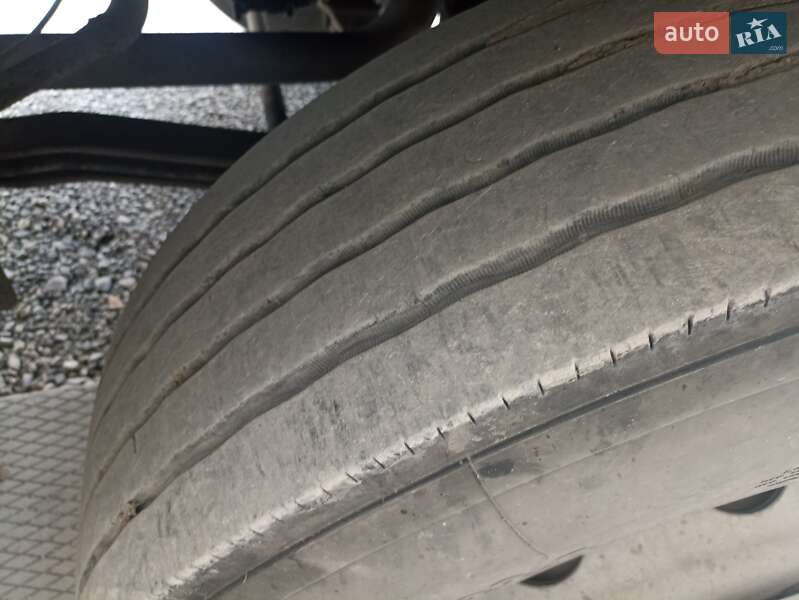 Грузовой фургон MAN 18.220 2004 в Тернополе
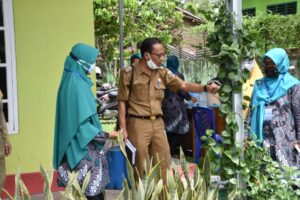 Pembinaan TP-PKK-BK Kes di Metro Selatan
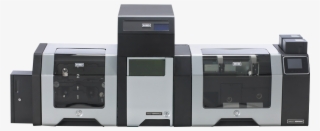 Hdp8500 Id Card Printer - Hid Fargo Hdp8500 Laser Engraver Price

▶ REQUIRED ACTION
Omit all images when repeating the data above exactly.

▶ ANSWER BELOW
 Грузовой фургон MAN 18.220 2004 в Тернополе
 Pembinaan TP-PKK-BK Kes di Metro Selatan
 Hdp8500 Id Card Printer - Hid Fargo Hdp8500 Laser Engraver Price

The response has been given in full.